16.00-17.00 (followed by drinks), Science Park 904, room C1.112
Speakers: Karina van Dalen-Oskam en Piek Vossen.
Under the CCCT umbrella, researchers from the humanities, the social and behavioral sciences, and the natural sciences collaborate in a multidisciplinary setting on information-rich research topics. CCCT is organizing a bi-monthly seminar in which one of the three faculties hosts speakers from the other two to report on research activities that are of shared interest.
Speaker: Karina van Dalen-Oskam (Huygens Institute for the History of the Netherlands / UvA)
Title: The Analysis of Literary Texts: Mixed Methods
Until recently, a large part of digital humanities research on literary texts dealt with authorship attribution. Since more and more literary scholars have started using computational methods, the attention is now shifting from authorship to stylistic analysis of literary works. Existing methods for authorship attribution can be used for stylistic analysis, but sometimes they need to be adapted and usually they have to be supplemented with other methods and tools. And certain kinds of authroship attribution tools are not useful at all to find out in which ways authors but also texts, genres, or texts from certain time periods differ from each other. The talk will deal with these topics using as example the research project The Riddle of Literary Quality (http://literaryquality.huygens.knaw.nl/) from the Computational Humanities Program of the Royal Netherlands Academy of Arts and Sciences (KNAW, eHUmanities Group). An important part of this project (and reflecting one of it’s mixed methods) is a large online enquiry gathering readers’opnions on modern fiction at http://www.hetnationalelezersonderzoek.nl/ which all attendants are kindly invited to visit beforehand.
Speaker: Piek Vossen (Computational Lexicology, Faculty of Arts, VU)
Title: Do big data hide or reveal stories? Processing large streams of news in the NewsReader project.

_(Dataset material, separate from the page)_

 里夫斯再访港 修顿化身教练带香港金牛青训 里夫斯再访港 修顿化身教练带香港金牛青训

Abstract: The FP7 project NewsReader develops technology to process vast amounts of daily news stream to determine who did what when and where. The result is stored in a Knowledge Store that accumulates sequences of events, adding all new information to whatever has been stored in the past. Over time, this knowledge store captures complex histories such as the financial crisis as it has been told in the news. Since the system also captures the provenance of the information, it is possible to demonstrate different versions of such histories according to the different sources.
Date and Time: Friday 24 May 2013, 16.00-17.00 (followed by drinks)

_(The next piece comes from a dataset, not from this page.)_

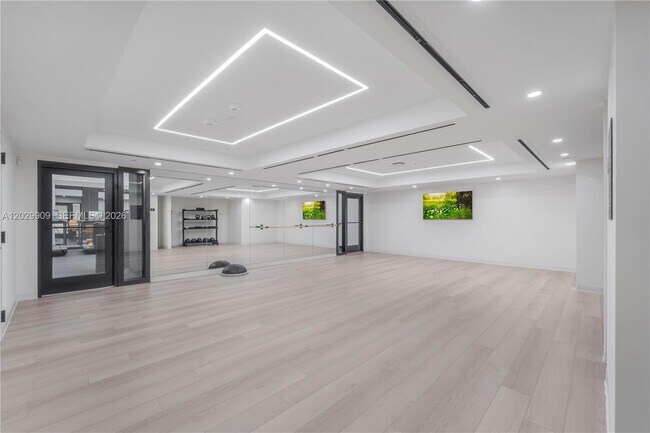 Building Photo - 225 N Miami Ave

Science Park, room: C1.112
Science Park 904
1098 XH Amsterdam
Karina van Dalen-Oskam is research leader of the department of Textual Scholarship & Literary Studies at the Huygens Institute for the History of the Netherlands and professor of Computational Literary Studies at the University of Amsterdam. Her research focuses on the analysis of literary style making use of digital corpora and computational methods. More information and a list of her publications can be found at http://www.huygens.knaw.nl/en/vandalen/
Piek Vossen has a B.A. and a Ph.D. at the University of Amsterdam in the field of computational lexicology and Natural Language Processing. He started his carrier in 1986 at the University of Amsterdam. In 1999, he joined Sail-Labs as a senior researcher and manager, where he worked for almost 2 years on the development of tools for exploiting multilingual wordnets in information retrieval and classification. In 2001, he became the CTO of Irion Technologies (Delft), where he was responsible for the development of advanced cross-lingual information systems based on language technology. Since April 2007, he is a Professor at the Faculty of Arts of the Vrije Universiteit van Amsterdam.

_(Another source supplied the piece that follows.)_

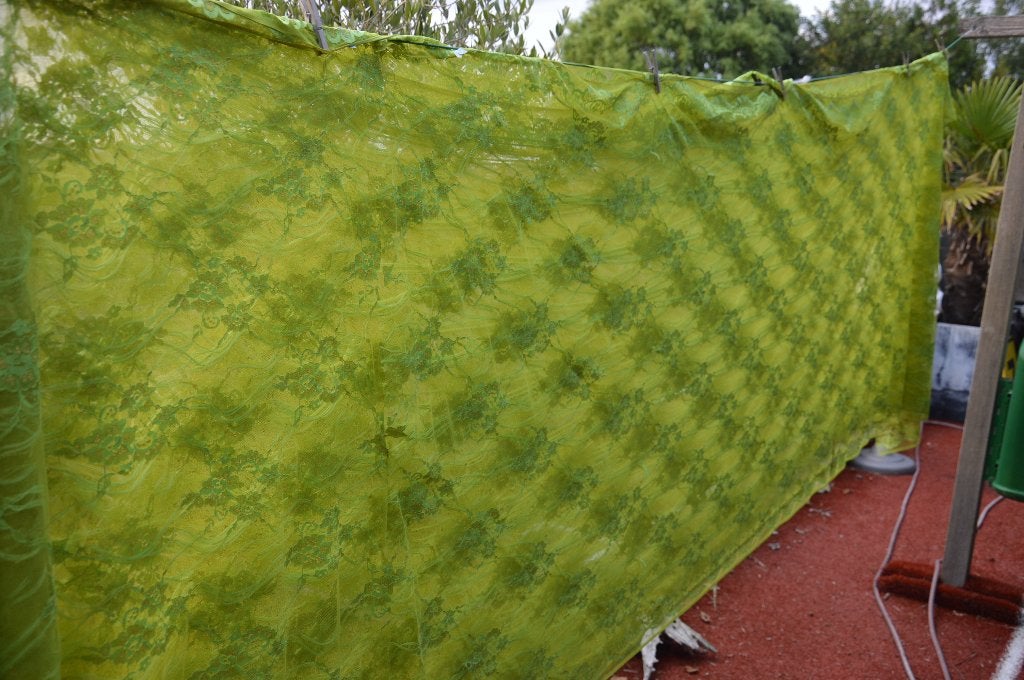 Grote lap groene voile stof met pailletten bloemen borduurse, Hobby en Vrije tijd, Stoffen en Lappen, 120 cm of meer, 200 cm of meer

During the 90’s, Vossen coordinated the EuroWordNet project that resulted in a unique cross-lingual wordnet database for 8 European languages. He is also the co-founder and co-president of the Global Wordnet Association in which this model has been expanded to many more languages in the world. More recently, he leads projects that develop technology in the area of knowledge-acquisition, text-mining and information systems that exploit the wordnet models. Typically, these projects aim at processing natural language texts in different languages using a shared semantic model resulting in compatible interpretations of text across these languages. In the most recent project, NewsReader, this approach is used to record long-term histories of events in news articles.